Remix.run Logo
everfrustrated 17 hours ago

This is why I love Postgres. It can get you to being one of the largest websites before you need to reconsider your architecture just by throwing CPU and disk at it. At that point you can well afford to hire people who are deep experts at sharding etc.

zozbot234 15 hours ago | parent | next [-]

PostgreSQL actually supports sharding out of the box, it's just a matter of setting up the right table partitioning and using Foreign Data Wrapper (FDW) to forward queries to remote databases. I'm not sure what the post is referencing when they say that sharding requires leaving Postgres altogether.

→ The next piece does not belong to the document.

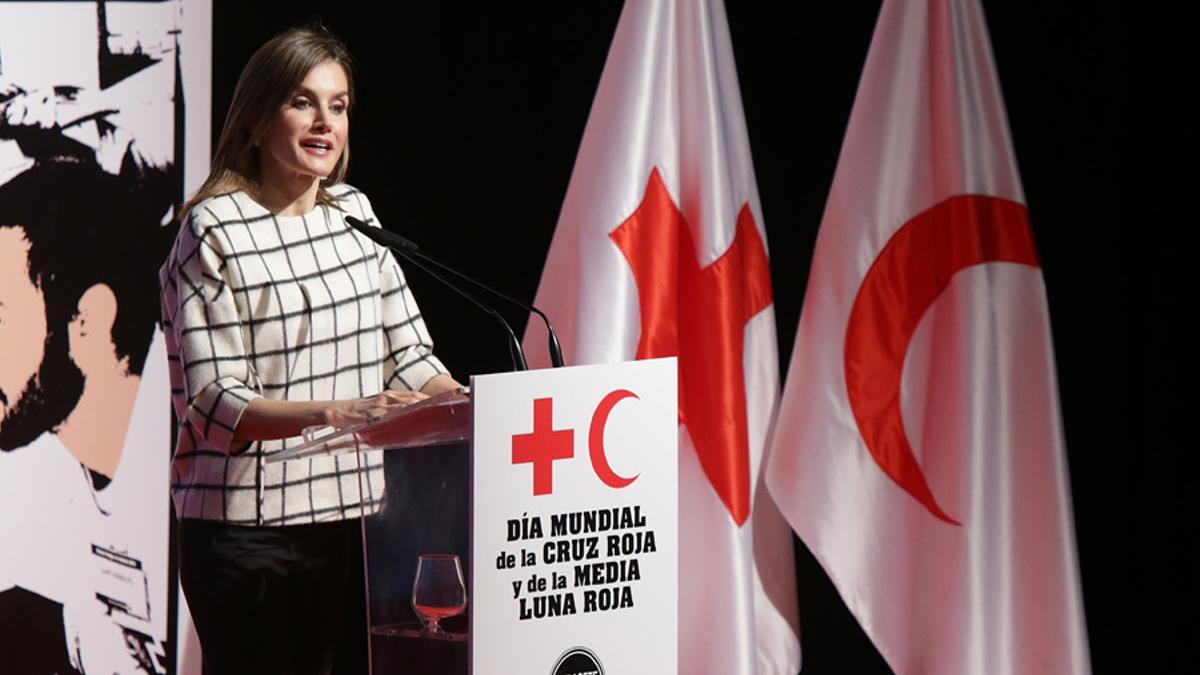 Letizia Ortiz preside el Día Mundial de la Cruz Roja y de la Media Luna Roja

dmix 14 hours ago | parent [-]

This is specifically what they said about sharding

> The primary rationale is that sharding existing application workloads would be highly complex and time-consuming, requiring changes to hundreds of application endpoints and potentially taking months or even years

manquer 11 hours ago | parent | next [-]

> potentially taking months or even years

On one hand OAI sell coding agents and constantly hype how easy it will replace developers and most of the code written is by agents, on the other hand they claim it will take years to refactor

Both cannot be true at the same time.

simonw 13 hours ago | parent | prev | next [-]

Genuinely sounds like the kind of challenge that could be solved with a swarm of Codex coding agents. I'm surprised they aren't treating this as an ideal use-case to show off their stack!

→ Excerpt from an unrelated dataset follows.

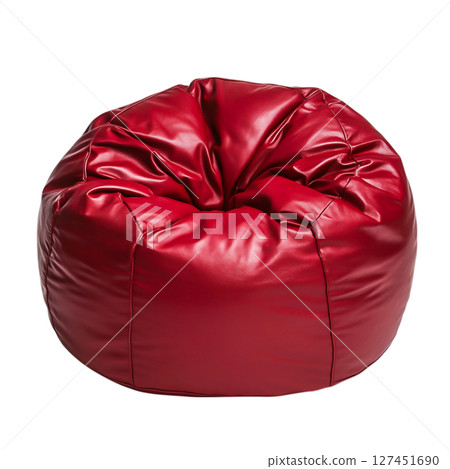 Vibrant Red Bean Bag Chair for Relaxation and Comfort in Modern Living Spaces 127451690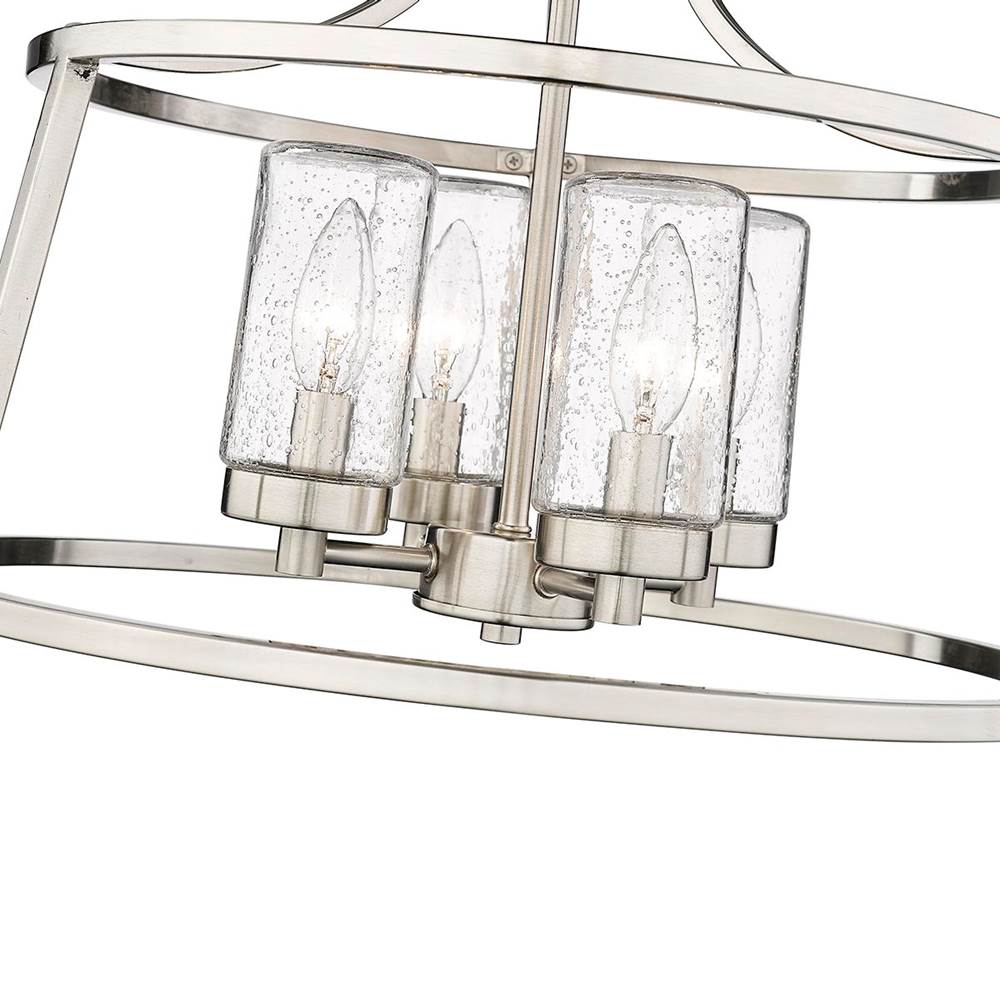 Millennium Lighting 4184-BN Brushed Nickel Semi-flush Ceiling Mount Image 1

gloflo 9 hours ago | parent | next [-]

Oh snap! Maybe it's all a great deception for making money?

csto12 13 hours ago | parent | prev | next [-]

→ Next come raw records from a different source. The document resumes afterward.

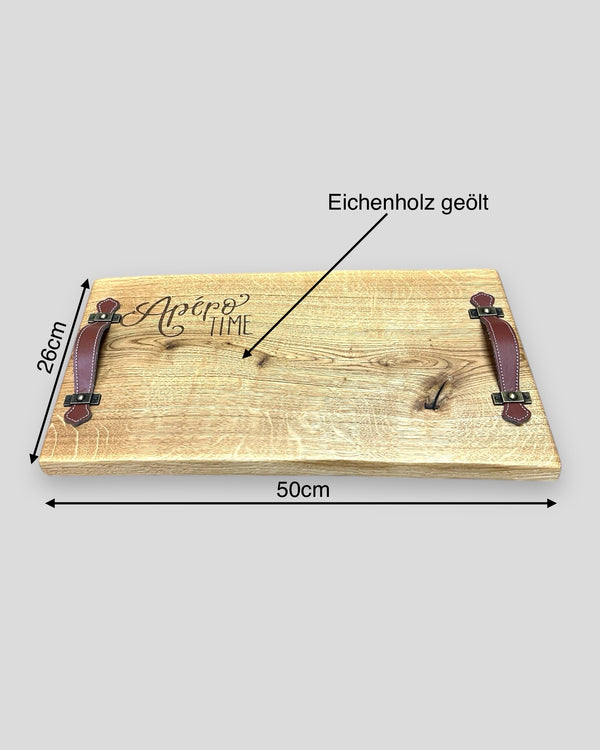 Apérobrett Servierbrett eichenholz Schneidebrett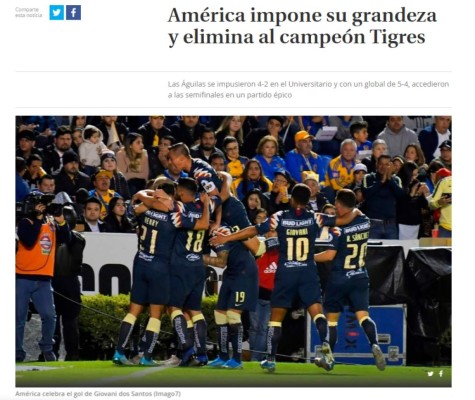 Liga MX: Así reacciona la prensa tras la épica remontada del América sobre Tigres
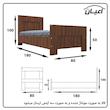 تخت خواب یکنفره اعیان مدل FH654 سایز 80x180 سانتی متر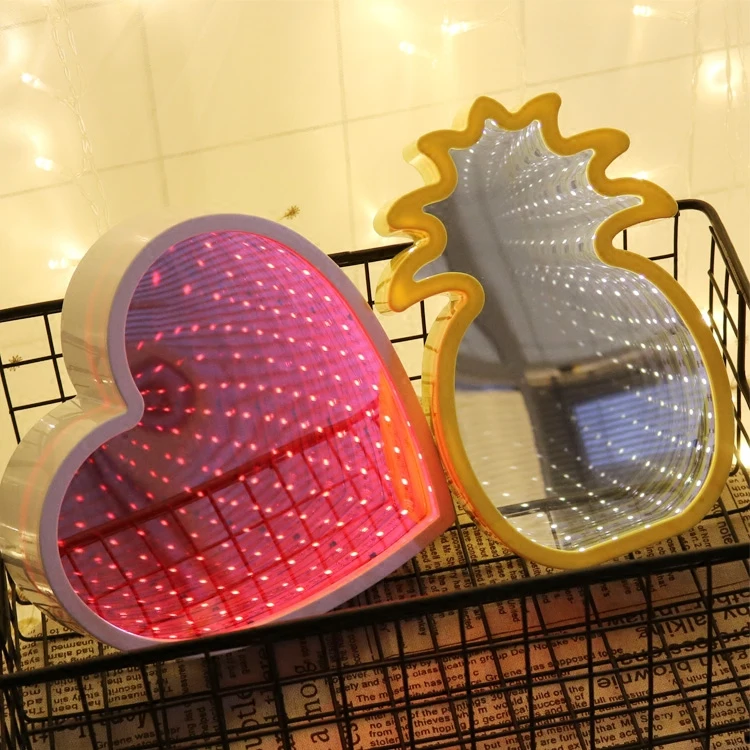 Amroe 3D креативные Звездные облака туннельные лампы Ночник Led макияж зеркальный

I read your message, guessed the author, and I’m happy to announce I guessed correctly.

Ozzie_osman 11 hours ago | parent | prev | next [-]

Getting the sharing in-place, yes, but maintaining it operationally would still be a headache. Things like schema migrations across shards, resharding, and even observability.

aisuxmorethanhn 12 hours ago | parent | prev [-]

It wouldn’t work.

zozbot234 14 hours ago | parent | prev [-]

I know they said that, but in fact sharding is entirely a database-level concern. The application need not be aware of it at all.

EB66 14 hours ago | parent [-]

Sharding can be made mostly transparent, but it's not purely a DB-level concern in practice. Once data is split across nodes, join patterns, cross-shard transactions, global uniqueness, certain keys hit with a lot of traffic, etc matter a lot. Even if partitioning handles routing, the application's query patterns and its consistency/latency requirements can still force application-level changes.

zozbot234 8 hours ago | parent | next [-]

> mostly transparent, but it's not purely a DB-level concern in practice ...

But how would any of that change by going outside Postgres itself to begin with? That's the part that doesn't make much sense to me.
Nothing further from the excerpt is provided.